Minnesota Orchestra board has made "final offer."
Minnesota Orchestra musicians will vote on Saturday whether to accept a contract proposal that management has characterized as its "final offer."
If the musicians reject the deal and if talks on Sunday fail to produce an agreement, the board has indicated it will lock the musicians out.
The Minnesota Orchestra last had a work stoppage in 1994.
The board's proposal would reduce the average annual musician salary to $89,000 from $135,000. The deal would include guarantees of 10 weeks of paid vacation each year, a company pension contribution of 7.63 percent and up to 26 weeks of paid sick leave for musicians with 11 or more years of experience. The proposal mirrors the offer made when negotiations started in April.
The musicians' union has not offered a counterproposal.
In a letter that accompanied the final offer, the board stated that "all employees in the bargaining unit ... shall be locked out effective at midnight Monday," when the current five-year contract expires.
A lockout prevents employees from reporting to work or receiving pay. Musicians may still picket in the case of a lockout. However, Orchestra Hall is undergoing renovation and will not be used for concerts when the season begins Oct. 18 at the Minneapolis Convention Center.
Dan McConnell, business manager of the Minneapolis Building and Construction Trades Council, said workers on the $52 million project are governed by an agreement that prevents them from joining a work stoppage. "We're certainly sensitive to the musicians, but it would be a violation of our contract if we were to walk out," McConnell said.
Also Thursday, music director Osmo Vänskä released a statement that said it is not his role to be involved in negotiations. "These are difficult times, but I believe our Board and our musicians will find the right solution to take good care of this great orchestra," said Vänskä, who has declined interview requests.

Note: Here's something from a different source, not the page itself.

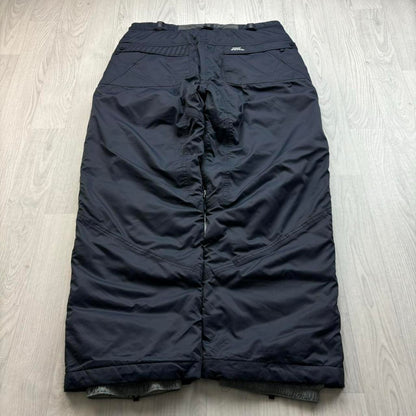 VINTAGE Y2K NO FEAR BAGGY SKI PANTS SALOPETTES NAVY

Musicians at the Atlanta Symphony Orchestra agreed to a two-year contract on Wednesday after a three-week lockout. The deal reportedly will result in $2.4 million in annual savings. Annual base salary in Atlanta will be $73,876 under the deal, and the size of the orchestra will decrease from 93 to 88.
At the St. Paul Chamber Orchestra, which also has a labor contract that expires Sunday, the two sides have passed proposals back and forth this week. Meetings are planned for Saturday and Sunday.
The St. Paul musicians oppose a management proposal to fund a retirement incentive for older players and a lower salary for new musicians. "We think they have the money but they are not spending the money correctly," bassoonist Carole Mason Smith said in an interview on Thursday.
Chairman Dobson West, in a memo rejecting the latest union proposal, wrote that musicians' minimum annual salaries have increased by 12.5 percent from July 2008.